11/05/14 Personal Soundtracks: Berlioz Romantic Music for Orchestra

Announcement: Register for Spring 2015 classes now!
Especially: Music 221: Class Piano 1, MWF 12:00-12:50pm Course # 0277432
Required for music majors, fun for everyone!

“Can the music convey meaning without the story?” (p. 220 of your book)

Berlioz young conductorHector Berlioz (1803–1869), French composer & conductor
– Unlike composers we’ve studied so far, he was *not* a child prodigy, and not a pianist, either — he played guitar and flute
– His father was a doctor and hoped he would become one, too: “At age 18, he was sent to Paris to study medicine, a field for which he had no interest and, later, outright disgust after viewing a human corpse being dissected.” (Wikipedia)
– Began studying music at age 12, and taught himself from books. At age 23, went to the Paris Conservatory (school of music) to study composition.
– Liked to write dramatic music for very large orchestras, sometimes using 1,000 musicians in one concert, and became a conductor out of necessity:

Berlioz initially began conducting due to frustrations over the inability of other conductors – more used to performing older and simpler music – to master his advanced and progressive works, with their extended melodies and rhythmic complexity.(Wikipedia)

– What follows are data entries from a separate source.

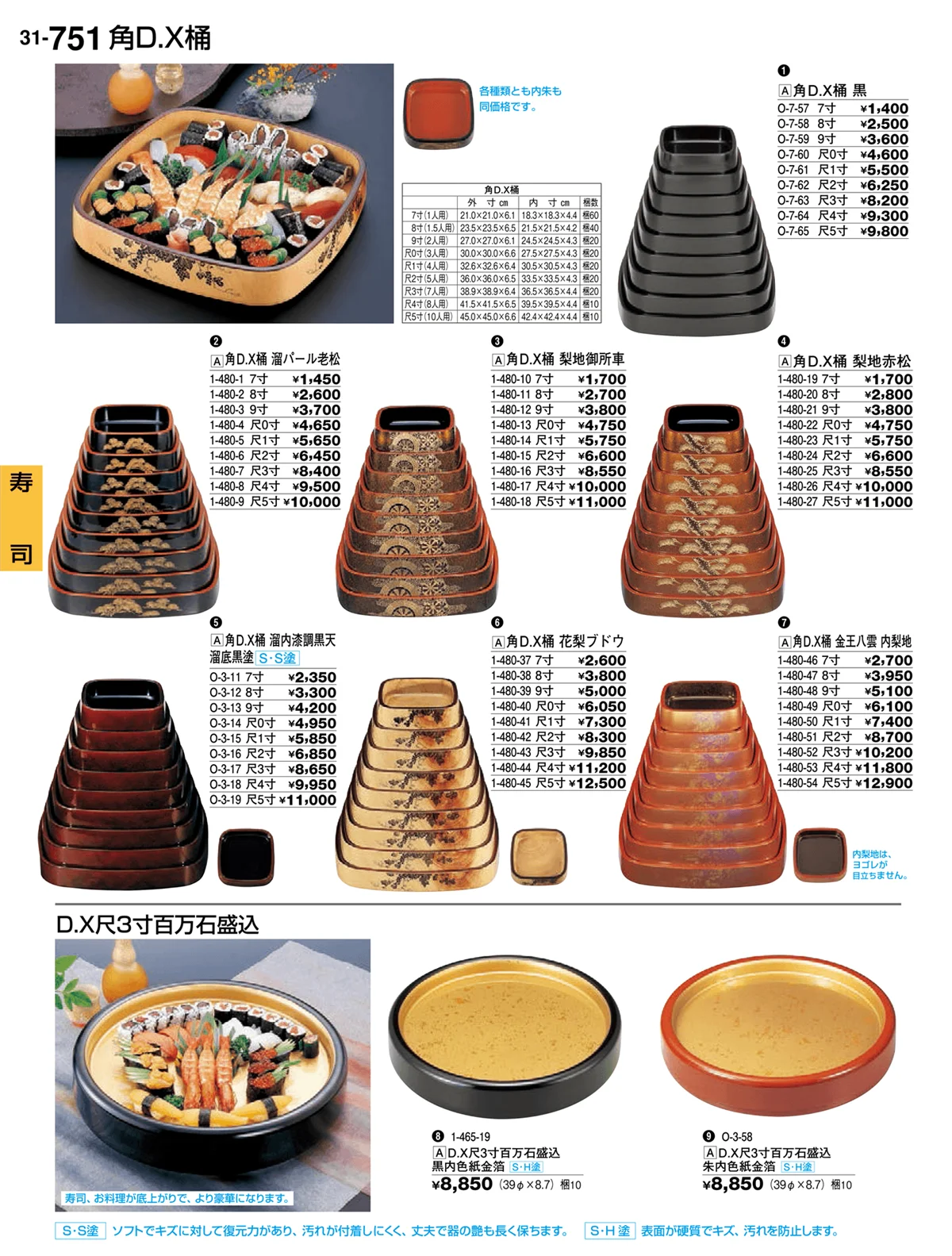 割烹漆器vol.31・ページ番号751・寿司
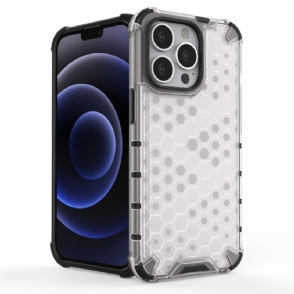 Hoesje voor iPhone 13 Pro Honingraatontwerp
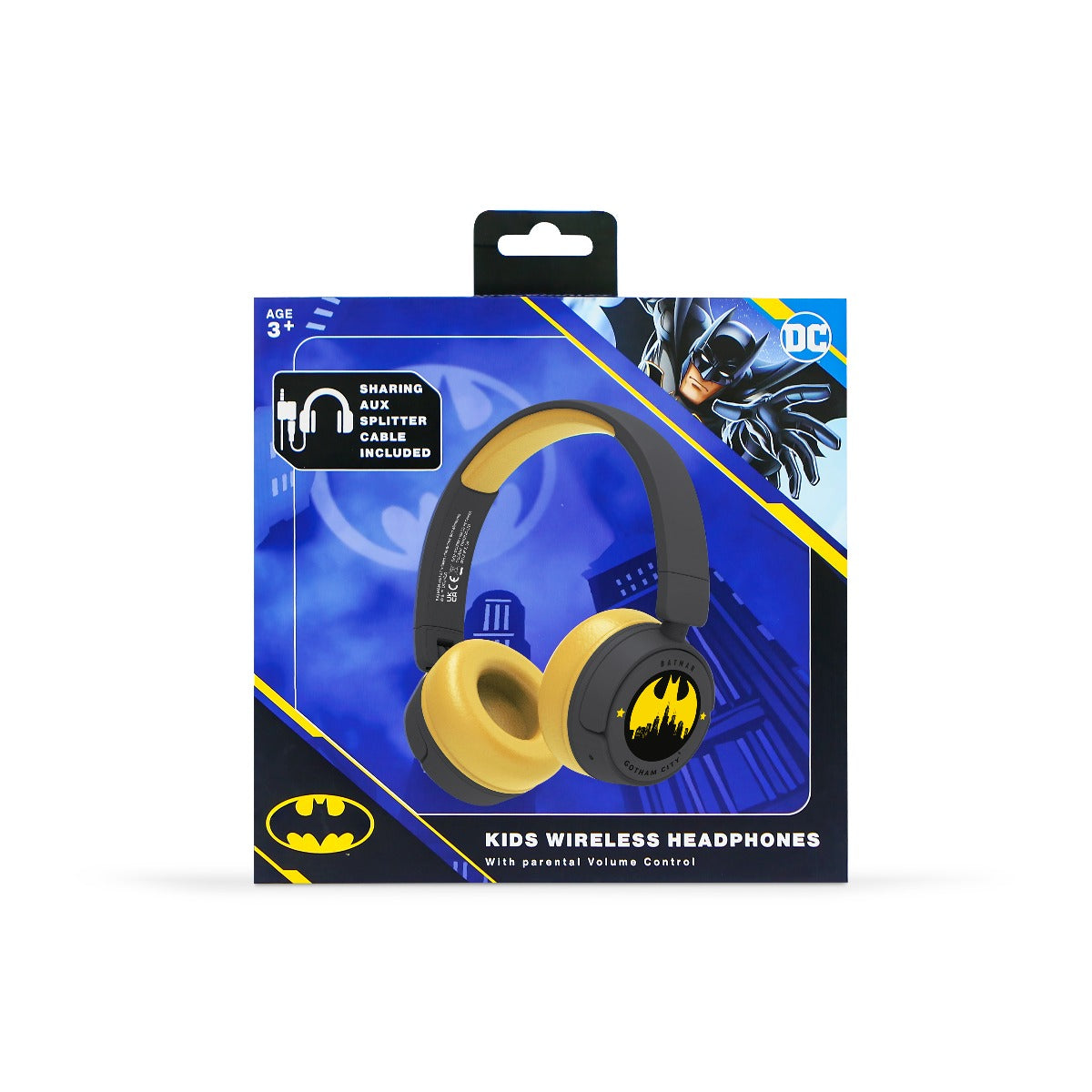 Dětská bezdrátová sluchátka OTL Batman Gotham City - iSTYLE CZ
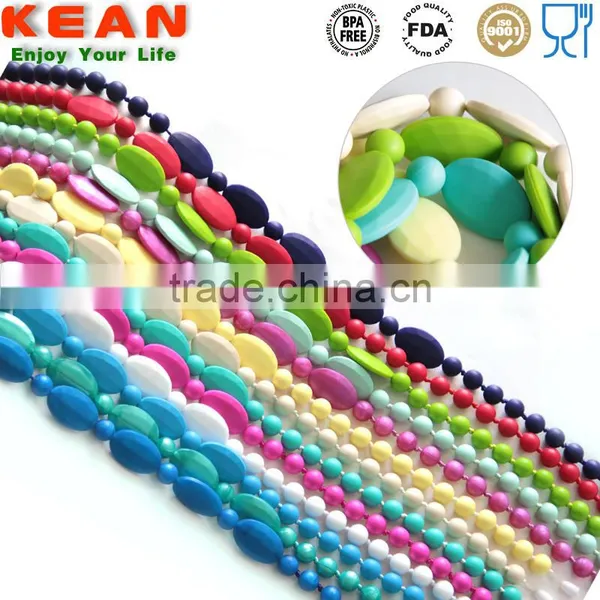Kean Stylish Food Grade Silicone Baby Teething Beaded Necklace photo-6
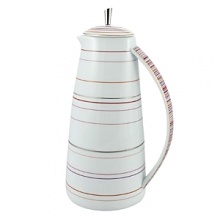 Inspired by Milleraies, Raynaud's spearhead tableware set, Attraction boasts a freer, more modern design with alternating narrow and wide stripes. It will embellish any table with its shades of pink and red, enhanced with mauve and orange and underscored subtle shades of green and brown. Inspired by Milleraies, Raynaud's spearhead tableware set, Attraction boasts a freer, more modern design with alternating narrow and wide stripes. It will embellish any table with its shades of pink and red, enhanced with mauve and orange and underscored subtle shades of green and brown.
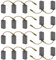 20 escobillas de carbón para amoladora angular 15 x 8 x 5 mm/0,59 x 0,31 x 0,20 pulgadas compatible con Bosch pieza de repuesto para herramienta eléctrica de reparación de repuesto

“Go Big or Go Home” could have been his motto!

Berlioz orch choir

Symphonie Fantastique, written in 1830
We use “fantastic” to mean really, really good, but in this case it is related to the idea of fantasy:
– Imaginative or fanciful; remote from reality
– Very strange, unusual, or unlikely
– Conceived by an unrestrained imagination; odd and remarkable; bizarre; grotesque

A very Romanticized idea of the symphony:
– Five movements instead of four
– Programmatic: telling a story throughout. See p. 218 of your book for the story he’s telling!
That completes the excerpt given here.